* [SOURCE MATERIAL]
========
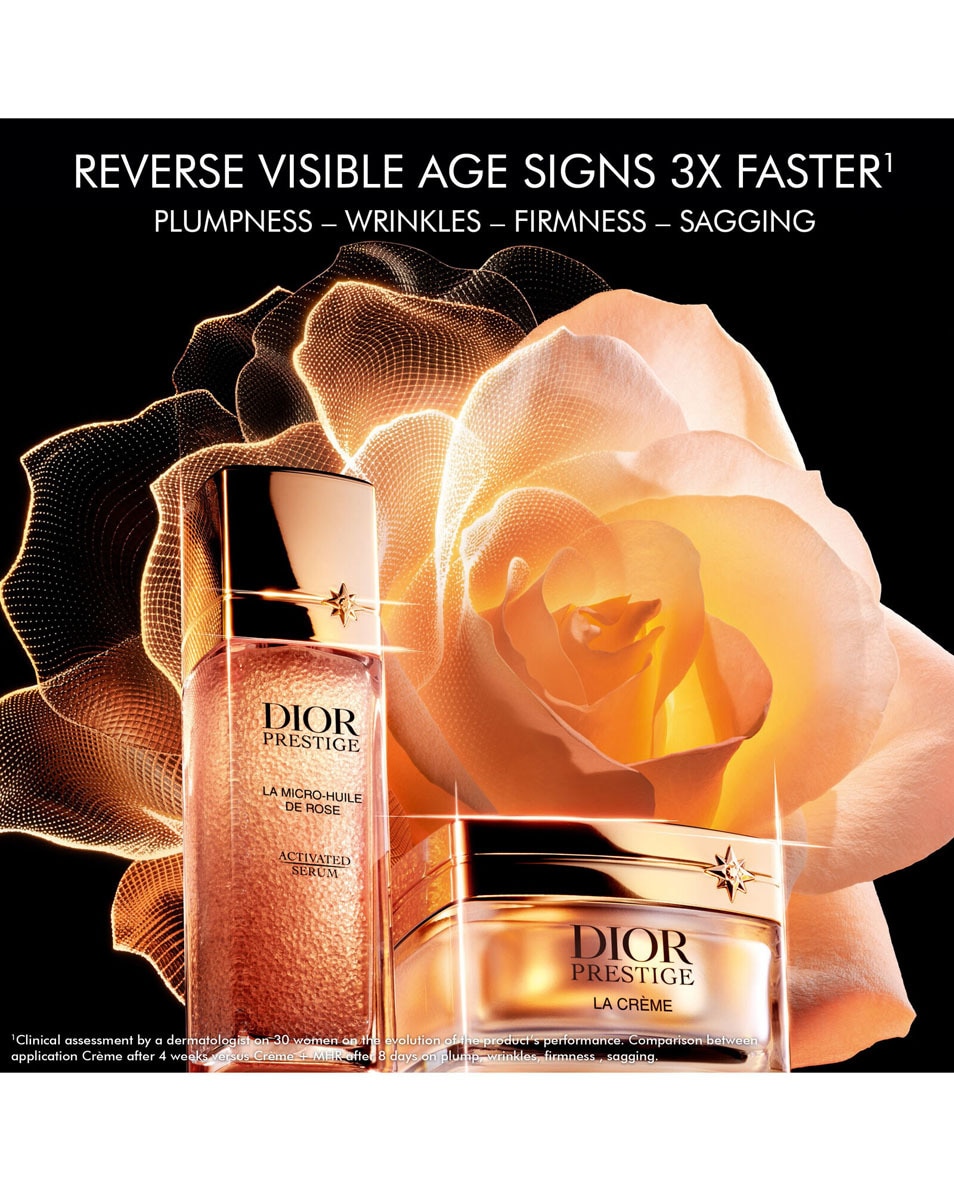 DIOR Dior Prestige La Crème Texture Essentielle Herstellende en regenererende verzorging 50 ML 5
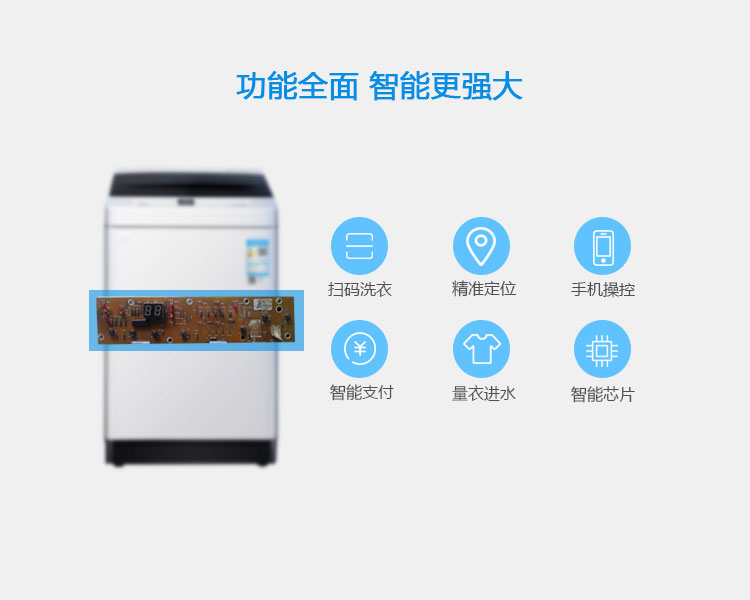 功能全面，智能更強(qiáng)大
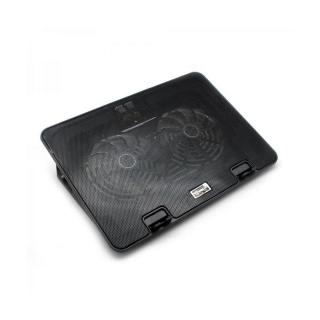 SBOX CP-101 notebook hűtő 15,6" Black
========
* [REQUIRED ACTION]
Word for word, please, restate the lines of the listing from the one holding "功能全面，智能更強(qiáng)大" down to the last line, leaving out any pictures.

* [REPLY]
 功能全面，智能更強(qiáng)大
 SBOX CP-101 notebook hűtő 15,6" Black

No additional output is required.